Wednesday, September 16, 2020

YCN Migration Special - Flamborough, 15th Sep 2020

Red-backed Shrike


It's been a crazy week so far (and will only get busier over the next few) so a quick one to summarise another excellent day's guiding: today, another one of my Yorkshire Coast Nature Autumn Migration Specials - the third of four this week, one of many this season, and not the first (nor no doubt last) that saw Flamborough taking centre stage.
Pied Fly


Three lovely clients, a full, sunny, beautiful day on the outer head, and great wildlife from start to finish. We kicked off with a pristine, accomodating and entertaining juvenile Red-backed Shrike not two minutes from the car park, as Siskins, Redpolls and Meadow Pipits streamed overhead (often vocal, and invisible); we continued along the clifftop, where we serendipitously bumped straight into 20 Bottlenose Dolphins frolicking close inshore before gunning north;
We then sauntered down a deserted Old Fall Hedge, where fresh-in Redstart and Pied Flycatcher gave us an impeccable show; we enjoyed lots more visible migration, with e.g. Grey Plover, Yellow Wagtails, more Siskins and redpolls and hirundines on the move in the blue; and finished up with a leisurely, entertaining seawatch from the clifftop at the fog station.

Arctic Skua, chasing an incoming Greenland Wheatear...

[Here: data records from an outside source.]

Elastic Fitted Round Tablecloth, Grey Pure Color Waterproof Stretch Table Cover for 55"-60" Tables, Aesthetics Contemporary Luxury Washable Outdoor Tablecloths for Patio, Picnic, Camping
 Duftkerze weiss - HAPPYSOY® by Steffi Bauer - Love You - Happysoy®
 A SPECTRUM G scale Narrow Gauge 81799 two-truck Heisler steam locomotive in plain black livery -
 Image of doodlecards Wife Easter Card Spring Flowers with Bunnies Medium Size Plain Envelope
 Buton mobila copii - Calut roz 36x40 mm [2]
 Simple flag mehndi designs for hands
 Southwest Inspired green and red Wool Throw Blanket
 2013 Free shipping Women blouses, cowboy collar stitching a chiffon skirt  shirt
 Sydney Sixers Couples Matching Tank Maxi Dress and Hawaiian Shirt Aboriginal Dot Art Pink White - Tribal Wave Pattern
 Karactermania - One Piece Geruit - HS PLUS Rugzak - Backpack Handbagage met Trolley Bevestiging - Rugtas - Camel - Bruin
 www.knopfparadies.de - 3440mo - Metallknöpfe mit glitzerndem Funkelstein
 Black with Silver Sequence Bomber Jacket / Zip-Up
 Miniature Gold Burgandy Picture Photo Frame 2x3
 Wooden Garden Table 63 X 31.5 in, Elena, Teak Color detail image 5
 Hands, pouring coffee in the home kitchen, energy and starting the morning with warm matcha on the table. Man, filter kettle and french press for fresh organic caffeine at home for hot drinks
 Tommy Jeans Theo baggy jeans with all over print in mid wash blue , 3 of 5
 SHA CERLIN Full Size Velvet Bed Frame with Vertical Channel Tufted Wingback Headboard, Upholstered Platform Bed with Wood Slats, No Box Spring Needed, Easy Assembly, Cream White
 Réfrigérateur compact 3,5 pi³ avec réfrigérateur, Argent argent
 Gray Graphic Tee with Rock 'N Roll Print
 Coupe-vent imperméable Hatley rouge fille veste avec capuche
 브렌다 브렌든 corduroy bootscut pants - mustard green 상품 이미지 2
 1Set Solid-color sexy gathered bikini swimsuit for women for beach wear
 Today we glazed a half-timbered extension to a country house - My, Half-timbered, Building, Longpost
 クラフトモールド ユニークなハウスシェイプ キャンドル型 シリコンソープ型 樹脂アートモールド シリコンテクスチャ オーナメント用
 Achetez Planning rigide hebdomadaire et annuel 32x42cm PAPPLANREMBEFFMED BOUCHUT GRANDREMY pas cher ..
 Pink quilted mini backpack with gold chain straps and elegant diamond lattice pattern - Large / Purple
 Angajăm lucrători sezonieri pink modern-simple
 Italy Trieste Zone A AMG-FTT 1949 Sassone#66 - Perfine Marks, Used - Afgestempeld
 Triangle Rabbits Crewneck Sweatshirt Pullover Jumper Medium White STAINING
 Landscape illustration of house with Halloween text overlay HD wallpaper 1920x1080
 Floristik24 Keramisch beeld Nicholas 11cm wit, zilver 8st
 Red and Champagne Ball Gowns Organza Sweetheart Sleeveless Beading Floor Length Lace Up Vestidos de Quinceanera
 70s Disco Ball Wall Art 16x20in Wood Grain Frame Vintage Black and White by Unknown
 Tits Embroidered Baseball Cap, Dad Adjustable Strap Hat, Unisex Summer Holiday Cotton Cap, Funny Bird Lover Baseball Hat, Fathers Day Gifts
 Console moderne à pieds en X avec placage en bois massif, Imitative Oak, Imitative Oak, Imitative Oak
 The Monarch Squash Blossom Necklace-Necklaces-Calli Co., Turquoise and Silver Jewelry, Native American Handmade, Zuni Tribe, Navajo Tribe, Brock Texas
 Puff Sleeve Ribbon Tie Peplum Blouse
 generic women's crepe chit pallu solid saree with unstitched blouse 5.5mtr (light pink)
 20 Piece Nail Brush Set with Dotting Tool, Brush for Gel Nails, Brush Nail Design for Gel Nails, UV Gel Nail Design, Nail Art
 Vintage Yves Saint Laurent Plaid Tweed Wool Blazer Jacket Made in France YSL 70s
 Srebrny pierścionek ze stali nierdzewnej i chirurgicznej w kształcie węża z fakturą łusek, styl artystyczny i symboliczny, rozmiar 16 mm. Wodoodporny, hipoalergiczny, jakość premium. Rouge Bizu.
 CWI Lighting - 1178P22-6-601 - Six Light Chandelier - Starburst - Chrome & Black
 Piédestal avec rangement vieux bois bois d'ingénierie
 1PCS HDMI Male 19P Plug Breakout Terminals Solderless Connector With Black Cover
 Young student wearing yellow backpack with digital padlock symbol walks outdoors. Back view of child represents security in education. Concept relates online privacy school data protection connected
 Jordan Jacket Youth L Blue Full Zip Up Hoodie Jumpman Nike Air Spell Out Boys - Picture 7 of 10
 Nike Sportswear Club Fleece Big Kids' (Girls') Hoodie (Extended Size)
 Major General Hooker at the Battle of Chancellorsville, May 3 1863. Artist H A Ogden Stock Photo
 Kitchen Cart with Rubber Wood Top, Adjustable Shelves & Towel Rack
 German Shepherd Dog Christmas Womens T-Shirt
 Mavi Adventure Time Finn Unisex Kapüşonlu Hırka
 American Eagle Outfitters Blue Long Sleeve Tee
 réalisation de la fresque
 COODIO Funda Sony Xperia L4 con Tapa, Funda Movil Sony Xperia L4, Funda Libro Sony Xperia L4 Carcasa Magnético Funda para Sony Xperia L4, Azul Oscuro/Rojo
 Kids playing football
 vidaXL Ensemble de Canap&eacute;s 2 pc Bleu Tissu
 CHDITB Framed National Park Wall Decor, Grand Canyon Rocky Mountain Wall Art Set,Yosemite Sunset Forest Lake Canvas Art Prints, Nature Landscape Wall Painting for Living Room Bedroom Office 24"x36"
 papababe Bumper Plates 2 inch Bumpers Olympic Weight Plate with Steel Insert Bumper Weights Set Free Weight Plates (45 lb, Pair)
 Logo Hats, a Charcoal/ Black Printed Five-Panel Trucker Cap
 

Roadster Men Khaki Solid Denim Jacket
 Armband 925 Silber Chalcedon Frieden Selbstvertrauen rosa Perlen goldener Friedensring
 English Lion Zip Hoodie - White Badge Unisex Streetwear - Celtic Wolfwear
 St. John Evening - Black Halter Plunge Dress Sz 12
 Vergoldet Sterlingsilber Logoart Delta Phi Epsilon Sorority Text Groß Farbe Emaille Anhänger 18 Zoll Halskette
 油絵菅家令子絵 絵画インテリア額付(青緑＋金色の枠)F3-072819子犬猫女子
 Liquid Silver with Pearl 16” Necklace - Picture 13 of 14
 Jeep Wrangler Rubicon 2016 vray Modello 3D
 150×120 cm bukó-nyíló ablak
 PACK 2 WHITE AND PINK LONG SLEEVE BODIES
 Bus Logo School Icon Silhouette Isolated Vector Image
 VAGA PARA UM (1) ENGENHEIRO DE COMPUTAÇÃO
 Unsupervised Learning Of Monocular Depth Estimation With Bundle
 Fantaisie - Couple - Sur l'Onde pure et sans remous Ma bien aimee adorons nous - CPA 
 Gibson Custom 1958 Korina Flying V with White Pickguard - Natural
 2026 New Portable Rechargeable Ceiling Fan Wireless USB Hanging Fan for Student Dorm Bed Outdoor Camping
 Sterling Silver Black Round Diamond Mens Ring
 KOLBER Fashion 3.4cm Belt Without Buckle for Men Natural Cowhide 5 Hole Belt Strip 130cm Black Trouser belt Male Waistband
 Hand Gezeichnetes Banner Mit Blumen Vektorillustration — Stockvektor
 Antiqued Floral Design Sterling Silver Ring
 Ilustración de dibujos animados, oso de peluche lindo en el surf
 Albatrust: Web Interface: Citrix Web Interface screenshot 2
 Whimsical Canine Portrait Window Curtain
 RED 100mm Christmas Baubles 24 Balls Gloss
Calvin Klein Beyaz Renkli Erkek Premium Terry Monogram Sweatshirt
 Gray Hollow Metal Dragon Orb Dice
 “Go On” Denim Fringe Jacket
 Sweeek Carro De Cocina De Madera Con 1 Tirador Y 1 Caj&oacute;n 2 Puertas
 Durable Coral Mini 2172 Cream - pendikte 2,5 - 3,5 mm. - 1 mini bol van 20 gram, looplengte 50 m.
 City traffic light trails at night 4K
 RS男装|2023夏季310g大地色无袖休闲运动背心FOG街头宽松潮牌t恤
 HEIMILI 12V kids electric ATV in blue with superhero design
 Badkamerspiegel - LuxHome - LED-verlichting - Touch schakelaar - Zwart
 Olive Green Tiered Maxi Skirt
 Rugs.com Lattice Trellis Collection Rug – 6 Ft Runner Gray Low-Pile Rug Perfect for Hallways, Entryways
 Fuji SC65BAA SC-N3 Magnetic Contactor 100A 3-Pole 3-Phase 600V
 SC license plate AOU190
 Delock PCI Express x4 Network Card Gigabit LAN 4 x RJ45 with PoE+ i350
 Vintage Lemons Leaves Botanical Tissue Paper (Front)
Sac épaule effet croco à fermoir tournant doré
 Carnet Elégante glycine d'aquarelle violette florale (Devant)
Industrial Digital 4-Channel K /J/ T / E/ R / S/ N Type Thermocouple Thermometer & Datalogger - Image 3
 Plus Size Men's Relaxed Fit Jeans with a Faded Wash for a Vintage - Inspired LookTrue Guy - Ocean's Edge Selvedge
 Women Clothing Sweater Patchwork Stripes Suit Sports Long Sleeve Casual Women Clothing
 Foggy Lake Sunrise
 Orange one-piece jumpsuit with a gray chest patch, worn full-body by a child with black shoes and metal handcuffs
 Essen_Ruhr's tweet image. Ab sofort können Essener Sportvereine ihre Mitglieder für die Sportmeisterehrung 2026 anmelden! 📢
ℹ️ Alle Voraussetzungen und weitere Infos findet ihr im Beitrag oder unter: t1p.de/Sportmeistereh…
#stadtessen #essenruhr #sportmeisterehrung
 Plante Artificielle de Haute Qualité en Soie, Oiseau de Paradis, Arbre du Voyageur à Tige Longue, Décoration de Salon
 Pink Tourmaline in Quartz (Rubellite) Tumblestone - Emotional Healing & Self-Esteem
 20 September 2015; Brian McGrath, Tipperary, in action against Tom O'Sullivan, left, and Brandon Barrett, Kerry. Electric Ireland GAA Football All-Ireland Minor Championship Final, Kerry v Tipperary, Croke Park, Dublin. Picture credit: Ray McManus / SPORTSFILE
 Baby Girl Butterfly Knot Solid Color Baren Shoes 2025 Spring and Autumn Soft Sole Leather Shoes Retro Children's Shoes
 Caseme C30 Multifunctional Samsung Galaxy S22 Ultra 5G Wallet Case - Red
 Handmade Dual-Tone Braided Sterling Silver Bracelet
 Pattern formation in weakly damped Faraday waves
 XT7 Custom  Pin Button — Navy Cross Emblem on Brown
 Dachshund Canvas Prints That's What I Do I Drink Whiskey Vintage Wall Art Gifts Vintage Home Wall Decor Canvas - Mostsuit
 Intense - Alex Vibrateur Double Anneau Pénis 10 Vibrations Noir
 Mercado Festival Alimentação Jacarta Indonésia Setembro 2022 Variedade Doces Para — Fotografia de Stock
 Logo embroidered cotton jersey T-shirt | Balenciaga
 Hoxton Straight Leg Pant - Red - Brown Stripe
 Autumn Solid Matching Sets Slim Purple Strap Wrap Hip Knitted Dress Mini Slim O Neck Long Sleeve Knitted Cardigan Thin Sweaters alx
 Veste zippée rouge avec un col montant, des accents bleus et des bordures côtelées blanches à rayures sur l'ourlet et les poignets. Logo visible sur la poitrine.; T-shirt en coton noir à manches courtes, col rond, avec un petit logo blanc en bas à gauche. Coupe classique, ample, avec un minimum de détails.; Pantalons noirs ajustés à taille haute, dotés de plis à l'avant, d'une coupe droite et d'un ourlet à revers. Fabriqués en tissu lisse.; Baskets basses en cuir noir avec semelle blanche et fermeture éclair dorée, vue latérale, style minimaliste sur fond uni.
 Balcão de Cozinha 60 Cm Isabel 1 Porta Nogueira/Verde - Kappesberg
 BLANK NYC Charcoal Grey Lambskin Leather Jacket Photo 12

After the dolphin show earlier, it was the turn of Harbour Porpoises to entertain, with many fishing offshore. The stand-out highlight, however, was a unique episode that we watched unfold before us, featuring a pale morph adult Arctic Skua out at sea, skillfully chasing (and almost catching) a passerine in a Hobby-esque fashion....
 
Which survived, and pitched up in front of us


... which turned out to be a spanking Greenland Wheatear - which, after defying a grisly demise over the waves, proceeded to head landward and straight towards us, pitching up literally at our feet and feeding avidly as if nothing happened (and as if it wasn't in the throes of the most epic of songbird migrations between the Neartic, Europe and Africa).

 
Whimbrel


Manxies, lots of summer-plumage Red-throated Divers, Whimbrels, Bar-tailed Godwits and other stuff added to the mix, and it's fair to say, we were all pretty satisfied with the dramas unfolding before us. Magic, as ever!